At 13, Dirie managed to escape Somalia by agreeing to work in her uncle’s home during his tenure as Somalia’s ambassador to the United Kingdom. There, years later, Dirie was discovered by a fashion photographer, which led to her eventual career as a successful model.
To help prevent other girls and women from suffering her same fate, she created the Waris Dirie Foundation to shine a light on this cruel procedure. As a result of her work, she was named the United Nations Goodwill Ambassador for the Elimination of Female Genital Mutilation in 1997.
Dr. Julie Gerberding: Former Director of the Centers for Disease Control and Prevention
Ranked No. 12 on Forbes magazine’s 2005 list of the 100 most powerful women, Dr. Julie Gerberding is not a name one hears on a daily basis.
From 2002 to 2009, Gerberding was the director of the Centers for Disease Control and Prevention, which is part of the U.S. Department of Health and Human Services. Gerberding and her staff spent years studying and preparing for an anticipated bird flu pandemic. In February 2007, she led a drill to test the country’s readiness in the event of a human outbreak of avian flu.
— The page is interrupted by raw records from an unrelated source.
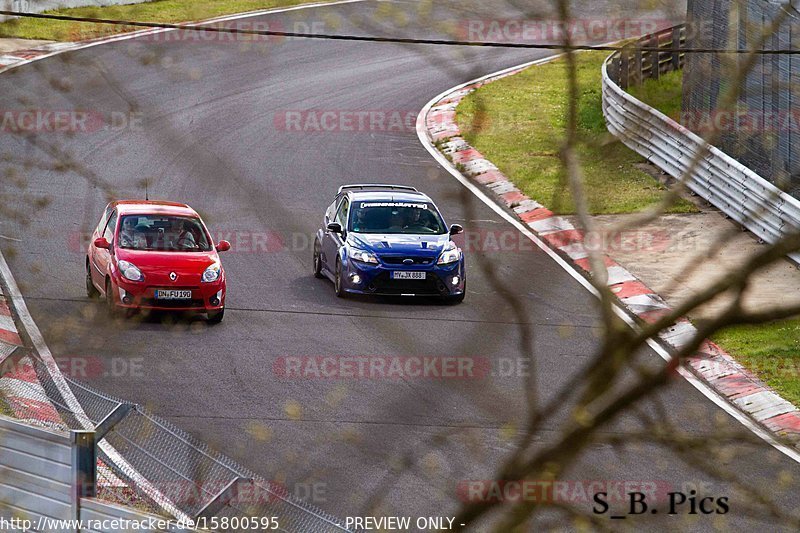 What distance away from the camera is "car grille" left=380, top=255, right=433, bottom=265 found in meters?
17.1

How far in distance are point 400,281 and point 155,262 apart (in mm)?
3548

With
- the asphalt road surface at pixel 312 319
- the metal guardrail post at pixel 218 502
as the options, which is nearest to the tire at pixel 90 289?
the asphalt road surface at pixel 312 319

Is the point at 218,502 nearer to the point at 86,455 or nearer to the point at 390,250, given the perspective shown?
the point at 86,455

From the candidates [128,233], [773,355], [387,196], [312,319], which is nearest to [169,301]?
[128,233]

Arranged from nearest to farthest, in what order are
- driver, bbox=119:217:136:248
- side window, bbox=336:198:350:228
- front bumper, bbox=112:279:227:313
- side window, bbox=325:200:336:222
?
front bumper, bbox=112:279:227:313, driver, bbox=119:217:136:248, side window, bbox=336:198:350:228, side window, bbox=325:200:336:222

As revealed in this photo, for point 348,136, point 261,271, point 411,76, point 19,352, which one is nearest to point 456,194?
point 19,352

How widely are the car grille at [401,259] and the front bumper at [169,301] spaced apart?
2.56 m

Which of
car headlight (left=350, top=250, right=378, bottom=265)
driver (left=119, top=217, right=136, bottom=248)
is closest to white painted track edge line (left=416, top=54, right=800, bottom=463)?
car headlight (left=350, top=250, right=378, bottom=265)

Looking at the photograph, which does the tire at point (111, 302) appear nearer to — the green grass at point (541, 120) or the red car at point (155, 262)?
the red car at point (155, 262)

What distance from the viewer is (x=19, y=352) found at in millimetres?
7922

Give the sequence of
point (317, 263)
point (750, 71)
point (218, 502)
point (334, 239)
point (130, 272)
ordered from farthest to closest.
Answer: point (317, 263) < point (334, 239) < point (130, 272) < point (218, 502) < point (750, 71)

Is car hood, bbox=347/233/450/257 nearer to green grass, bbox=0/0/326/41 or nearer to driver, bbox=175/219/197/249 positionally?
driver, bbox=175/219/197/249

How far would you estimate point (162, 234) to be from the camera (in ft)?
53.7

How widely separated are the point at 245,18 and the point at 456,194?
36018 mm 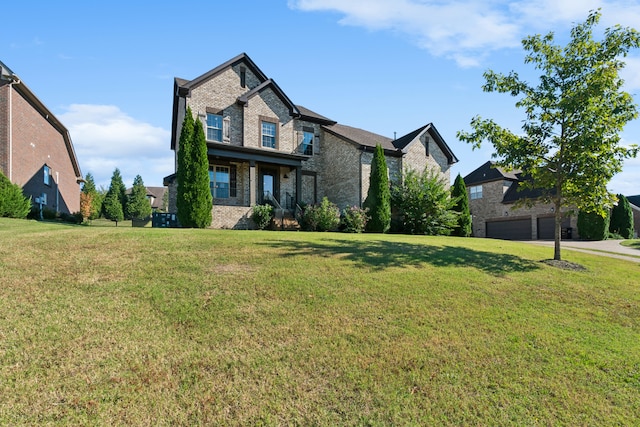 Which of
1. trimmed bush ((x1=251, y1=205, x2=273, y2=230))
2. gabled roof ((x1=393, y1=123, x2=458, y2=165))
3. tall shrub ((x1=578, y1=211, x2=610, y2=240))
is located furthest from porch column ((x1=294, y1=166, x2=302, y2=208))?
tall shrub ((x1=578, y1=211, x2=610, y2=240))

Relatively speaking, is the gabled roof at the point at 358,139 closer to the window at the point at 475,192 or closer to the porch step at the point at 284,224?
the porch step at the point at 284,224

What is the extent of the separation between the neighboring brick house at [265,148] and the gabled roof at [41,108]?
742cm

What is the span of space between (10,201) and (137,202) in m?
33.1

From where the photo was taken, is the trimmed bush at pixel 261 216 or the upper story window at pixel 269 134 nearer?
the trimmed bush at pixel 261 216

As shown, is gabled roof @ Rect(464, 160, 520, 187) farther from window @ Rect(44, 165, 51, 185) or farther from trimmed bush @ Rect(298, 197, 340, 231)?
window @ Rect(44, 165, 51, 185)

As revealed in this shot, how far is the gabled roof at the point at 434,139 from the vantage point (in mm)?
24438

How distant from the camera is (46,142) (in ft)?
77.9

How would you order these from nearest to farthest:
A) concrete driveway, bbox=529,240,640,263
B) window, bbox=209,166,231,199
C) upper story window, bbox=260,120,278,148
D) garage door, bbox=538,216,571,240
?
concrete driveway, bbox=529,240,640,263, window, bbox=209,166,231,199, upper story window, bbox=260,120,278,148, garage door, bbox=538,216,571,240

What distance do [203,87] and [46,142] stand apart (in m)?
12.3

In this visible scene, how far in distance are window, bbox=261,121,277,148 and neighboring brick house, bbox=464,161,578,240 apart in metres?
18.8

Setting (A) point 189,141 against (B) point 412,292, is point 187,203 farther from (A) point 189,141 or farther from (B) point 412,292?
(B) point 412,292

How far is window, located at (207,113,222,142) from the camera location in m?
19.5

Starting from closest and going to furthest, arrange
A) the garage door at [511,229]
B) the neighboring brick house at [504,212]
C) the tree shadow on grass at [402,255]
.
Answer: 1. the tree shadow on grass at [402,255]
2. the neighboring brick house at [504,212]
3. the garage door at [511,229]

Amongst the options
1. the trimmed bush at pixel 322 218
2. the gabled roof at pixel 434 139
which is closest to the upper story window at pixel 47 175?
the trimmed bush at pixel 322 218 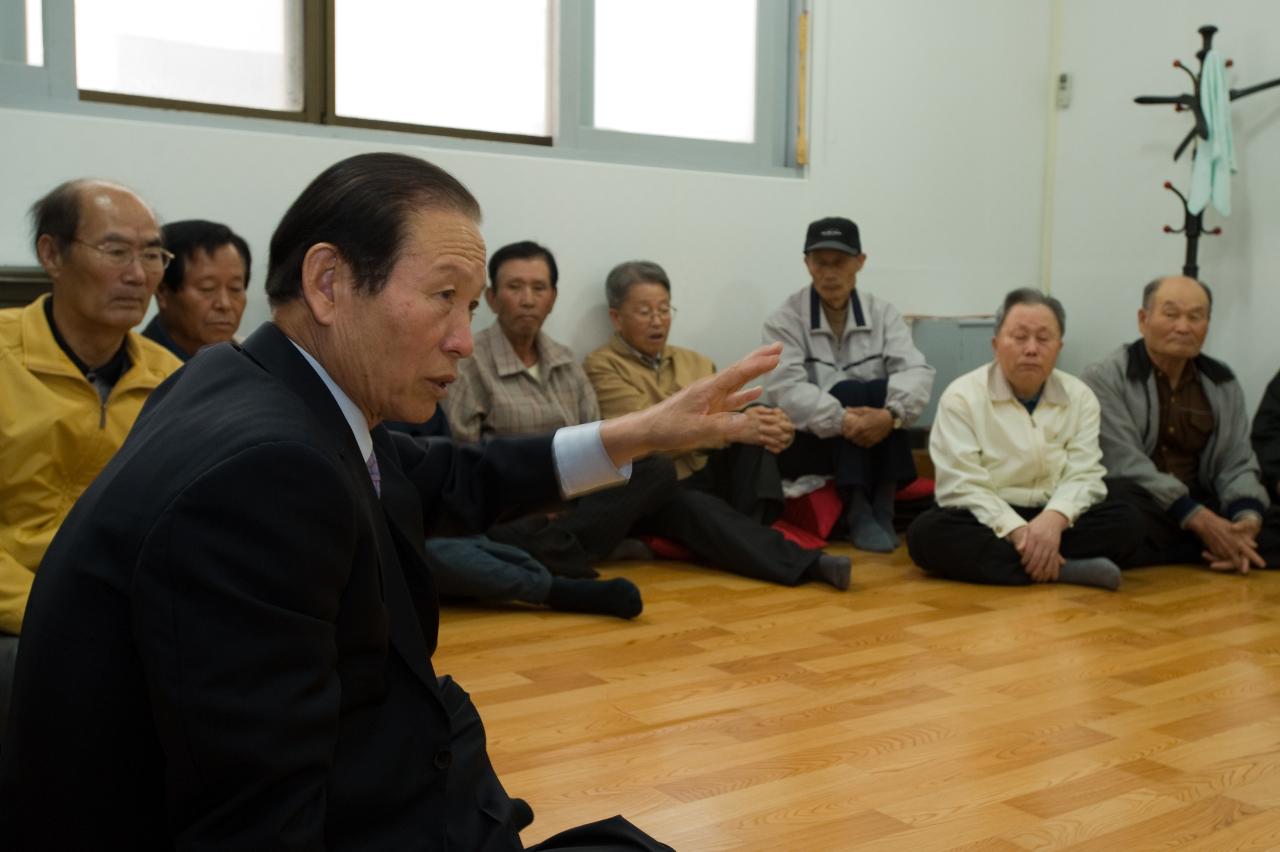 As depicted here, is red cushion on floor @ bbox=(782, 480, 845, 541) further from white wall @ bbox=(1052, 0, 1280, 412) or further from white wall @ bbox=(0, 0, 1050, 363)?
white wall @ bbox=(1052, 0, 1280, 412)

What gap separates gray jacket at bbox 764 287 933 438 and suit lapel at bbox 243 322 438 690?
3.55 meters

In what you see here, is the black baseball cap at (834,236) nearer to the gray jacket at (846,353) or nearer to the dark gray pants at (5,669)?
the gray jacket at (846,353)

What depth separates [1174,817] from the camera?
2.08 meters

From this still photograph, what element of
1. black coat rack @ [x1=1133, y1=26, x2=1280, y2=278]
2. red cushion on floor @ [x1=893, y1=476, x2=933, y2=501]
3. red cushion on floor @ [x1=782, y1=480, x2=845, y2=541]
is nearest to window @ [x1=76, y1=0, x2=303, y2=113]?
red cushion on floor @ [x1=782, y1=480, x2=845, y2=541]

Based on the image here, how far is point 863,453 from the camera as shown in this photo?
15.2 feet

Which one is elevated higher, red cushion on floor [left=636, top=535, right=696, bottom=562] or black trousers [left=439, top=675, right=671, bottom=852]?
black trousers [left=439, top=675, right=671, bottom=852]

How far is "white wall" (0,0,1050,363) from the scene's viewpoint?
12.7 feet

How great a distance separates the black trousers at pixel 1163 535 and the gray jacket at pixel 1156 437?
3cm

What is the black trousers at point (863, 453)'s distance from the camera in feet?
15.3

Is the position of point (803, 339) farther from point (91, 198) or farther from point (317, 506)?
point (317, 506)

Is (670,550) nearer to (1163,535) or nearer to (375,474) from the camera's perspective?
(1163,535)

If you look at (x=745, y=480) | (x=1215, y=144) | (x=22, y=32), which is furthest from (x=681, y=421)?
(x=1215, y=144)

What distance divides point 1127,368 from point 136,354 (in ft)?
11.1

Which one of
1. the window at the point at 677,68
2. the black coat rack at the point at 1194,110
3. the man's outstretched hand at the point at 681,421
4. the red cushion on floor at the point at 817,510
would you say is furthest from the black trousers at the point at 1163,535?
the man's outstretched hand at the point at 681,421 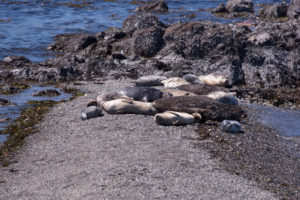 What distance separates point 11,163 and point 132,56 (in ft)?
26.7

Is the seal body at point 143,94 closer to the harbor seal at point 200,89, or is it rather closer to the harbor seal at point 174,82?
the harbor seal at point 200,89

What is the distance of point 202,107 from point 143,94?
1.48 m

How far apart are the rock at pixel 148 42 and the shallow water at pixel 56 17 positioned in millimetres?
3973

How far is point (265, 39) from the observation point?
15531 millimetres

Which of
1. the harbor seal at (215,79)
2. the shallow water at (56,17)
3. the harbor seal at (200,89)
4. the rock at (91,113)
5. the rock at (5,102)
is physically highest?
the harbor seal at (200,89)

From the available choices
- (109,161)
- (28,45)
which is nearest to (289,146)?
(109,161)

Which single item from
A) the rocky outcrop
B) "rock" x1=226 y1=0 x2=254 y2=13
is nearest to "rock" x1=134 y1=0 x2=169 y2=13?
"rock" x1=226 y1=0 x2=254 y2=13

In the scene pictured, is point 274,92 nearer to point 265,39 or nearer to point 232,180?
point 265,39

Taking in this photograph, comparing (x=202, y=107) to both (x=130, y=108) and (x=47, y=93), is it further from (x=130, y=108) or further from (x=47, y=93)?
(x=47, y=93)

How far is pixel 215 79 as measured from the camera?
40.6ft

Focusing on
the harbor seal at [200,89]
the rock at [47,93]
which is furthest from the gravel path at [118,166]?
the rock at [47,93]

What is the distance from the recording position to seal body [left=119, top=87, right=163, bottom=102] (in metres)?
9.84

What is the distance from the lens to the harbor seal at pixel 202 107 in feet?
29.3

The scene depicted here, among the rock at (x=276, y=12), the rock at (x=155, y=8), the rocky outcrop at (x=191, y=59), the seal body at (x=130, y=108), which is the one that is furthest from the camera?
the rock at (x=155, y=8) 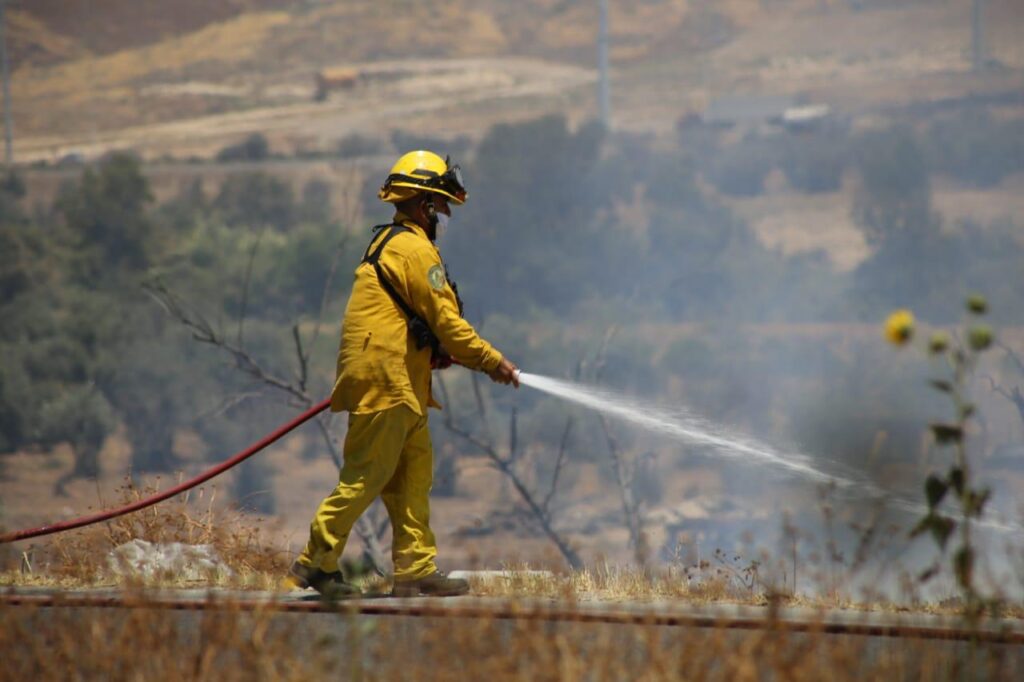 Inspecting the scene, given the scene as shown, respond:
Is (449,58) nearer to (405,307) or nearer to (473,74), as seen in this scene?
(473,74)

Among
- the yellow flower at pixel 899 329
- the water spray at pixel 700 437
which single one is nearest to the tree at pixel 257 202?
the water spray at pixel 700 437

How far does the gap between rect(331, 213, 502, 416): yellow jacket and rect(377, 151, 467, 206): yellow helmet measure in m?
0.25

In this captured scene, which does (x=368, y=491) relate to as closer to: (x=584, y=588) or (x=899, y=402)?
(x=584, y=588)

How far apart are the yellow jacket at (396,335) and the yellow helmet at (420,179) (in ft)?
0.83

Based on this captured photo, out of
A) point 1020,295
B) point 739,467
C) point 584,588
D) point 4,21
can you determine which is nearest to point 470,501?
point 739,467

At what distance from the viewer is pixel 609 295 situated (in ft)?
170

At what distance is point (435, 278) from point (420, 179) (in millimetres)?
502

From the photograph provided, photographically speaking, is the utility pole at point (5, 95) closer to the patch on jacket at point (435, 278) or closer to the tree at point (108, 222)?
the tree at point (108, 222)

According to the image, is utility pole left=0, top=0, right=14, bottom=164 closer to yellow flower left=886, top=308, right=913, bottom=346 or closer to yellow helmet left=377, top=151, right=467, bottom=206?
yellow helmet left=377, top=151, right=467, bottom=206

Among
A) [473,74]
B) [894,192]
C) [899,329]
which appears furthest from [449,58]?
[899,329]

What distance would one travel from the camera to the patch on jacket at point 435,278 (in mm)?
6715

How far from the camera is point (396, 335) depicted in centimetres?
670

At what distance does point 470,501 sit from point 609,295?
49.5ft

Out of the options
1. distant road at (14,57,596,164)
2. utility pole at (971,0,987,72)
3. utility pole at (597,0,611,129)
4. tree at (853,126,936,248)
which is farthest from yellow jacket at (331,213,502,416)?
utility pole at (971,0,987,72) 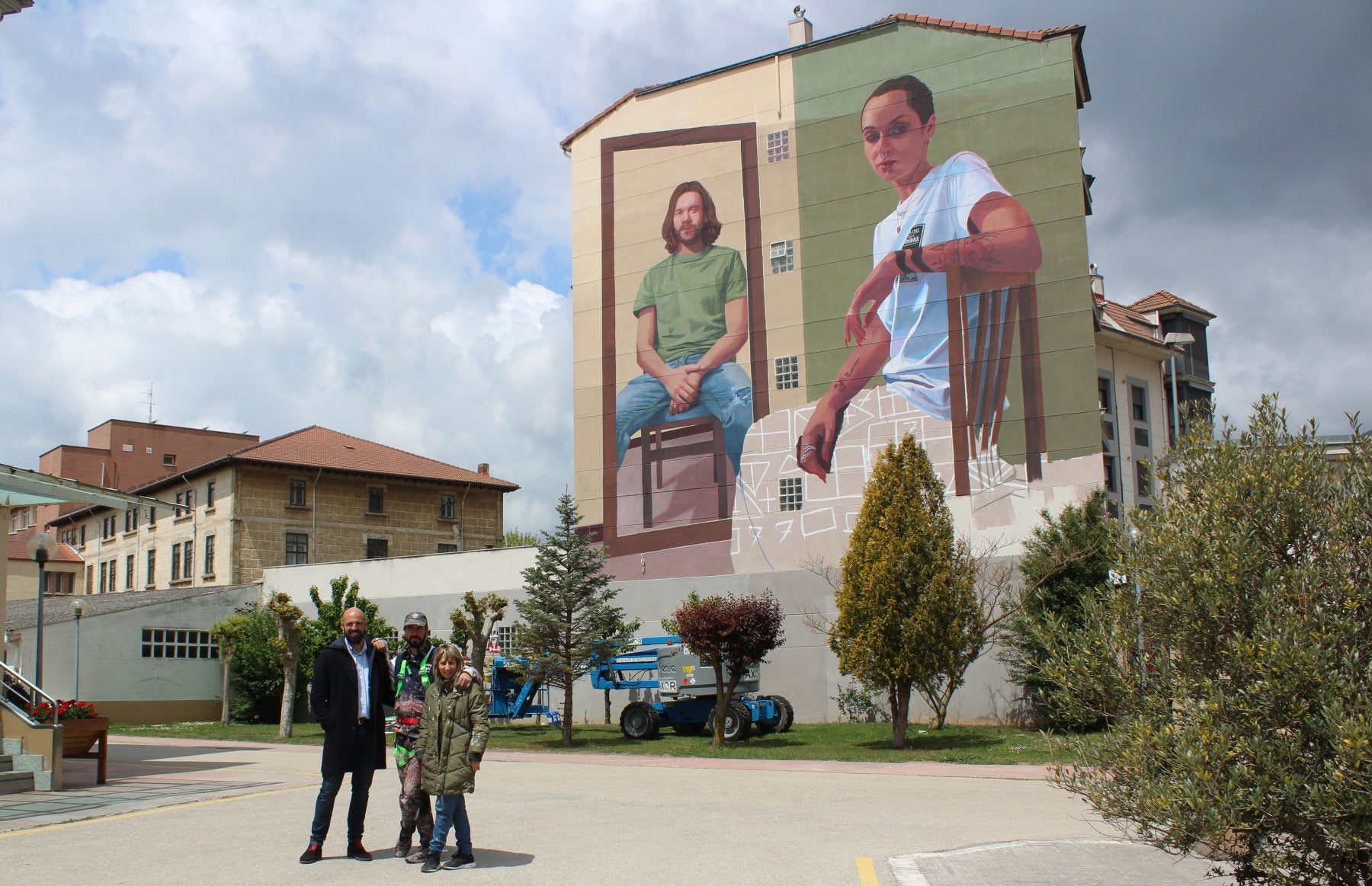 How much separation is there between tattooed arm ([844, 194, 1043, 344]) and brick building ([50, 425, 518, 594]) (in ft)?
78.2

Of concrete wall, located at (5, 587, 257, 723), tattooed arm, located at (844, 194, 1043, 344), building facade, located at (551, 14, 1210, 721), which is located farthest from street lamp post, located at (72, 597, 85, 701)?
tattooed arm, located at (844, 194, 1043, 344)

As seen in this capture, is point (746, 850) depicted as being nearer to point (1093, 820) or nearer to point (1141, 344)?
point (1093, 820)

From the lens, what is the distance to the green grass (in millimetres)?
21312

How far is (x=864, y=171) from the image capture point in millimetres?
36000

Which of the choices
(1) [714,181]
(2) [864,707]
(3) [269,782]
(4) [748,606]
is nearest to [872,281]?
(1) [714,181]

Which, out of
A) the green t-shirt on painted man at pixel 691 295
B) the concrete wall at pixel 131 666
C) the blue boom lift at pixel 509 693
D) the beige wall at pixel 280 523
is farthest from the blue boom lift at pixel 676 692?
the beige wall at pixel 280 523

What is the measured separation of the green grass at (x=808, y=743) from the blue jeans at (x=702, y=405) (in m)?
10.3

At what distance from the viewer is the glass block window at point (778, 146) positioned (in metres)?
37.6

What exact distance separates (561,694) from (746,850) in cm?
2573

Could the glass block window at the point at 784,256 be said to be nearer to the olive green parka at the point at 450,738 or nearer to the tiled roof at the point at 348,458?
the tiled roof at the point at 348,458

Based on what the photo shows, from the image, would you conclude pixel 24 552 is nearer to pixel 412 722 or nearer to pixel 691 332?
pixel 691 332

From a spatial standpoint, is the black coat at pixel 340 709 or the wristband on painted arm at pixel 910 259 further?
the wristband on painted arm at pixel 910 259

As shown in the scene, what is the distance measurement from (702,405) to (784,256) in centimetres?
539

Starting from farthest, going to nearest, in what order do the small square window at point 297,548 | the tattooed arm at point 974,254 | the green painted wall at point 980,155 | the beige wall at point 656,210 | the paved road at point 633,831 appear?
the small square window at point 297,548 → the beige wall at point 656,210 → the tattooed arm at point 974,254 → the green painted wall at point 980,155 → the paved road at point 633,831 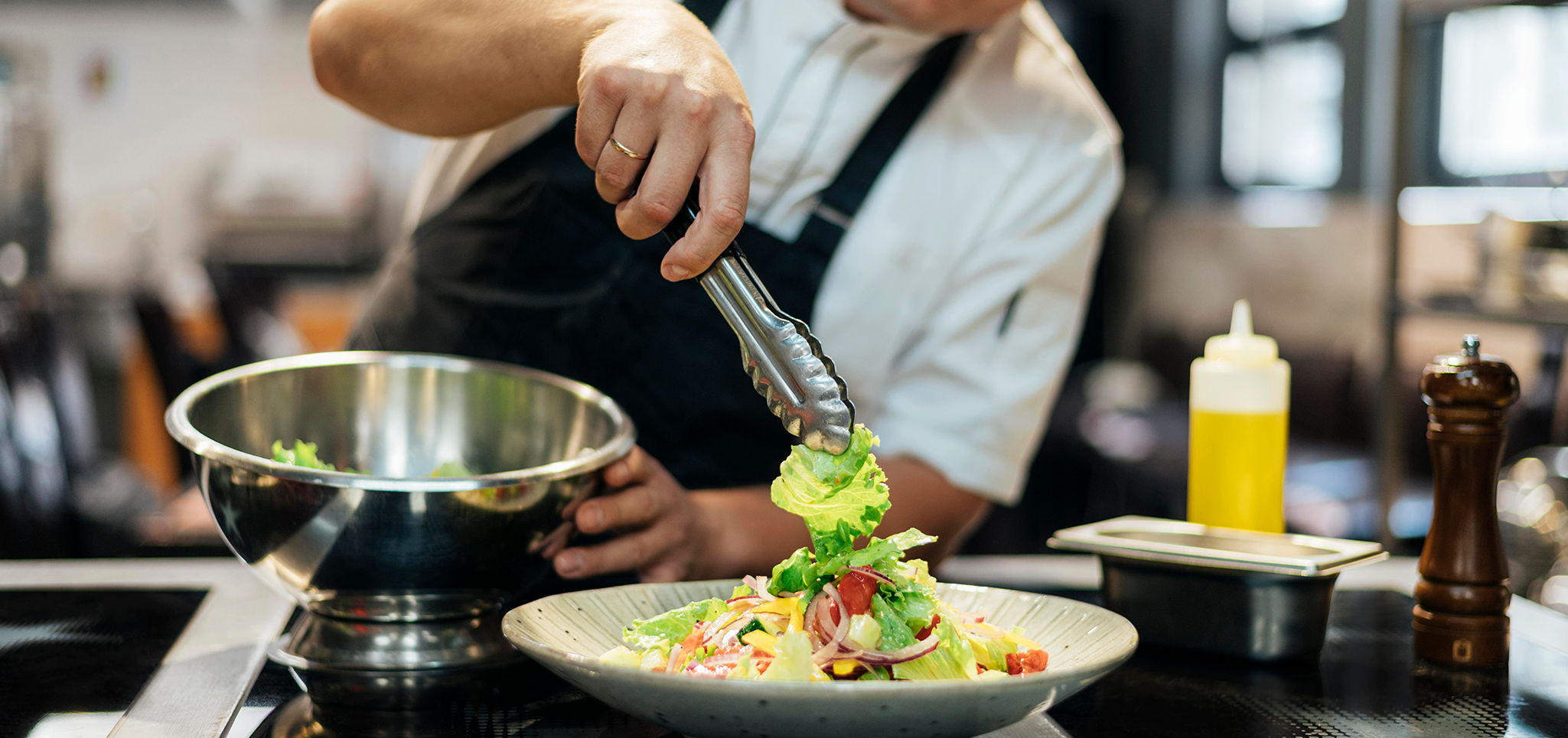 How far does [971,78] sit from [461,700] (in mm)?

Gerberding allowed the media to monitor the trial run and report on how the CDC and other agencies involved would handle such a crisis. Some were surprised at the move, but Gerberding told the International Herald Tribune that, since a human pandemic could lead to millions of deaths worldwide, it was necessary to demonstrate to state and local governments the importance of focusing on bird flu preparedness.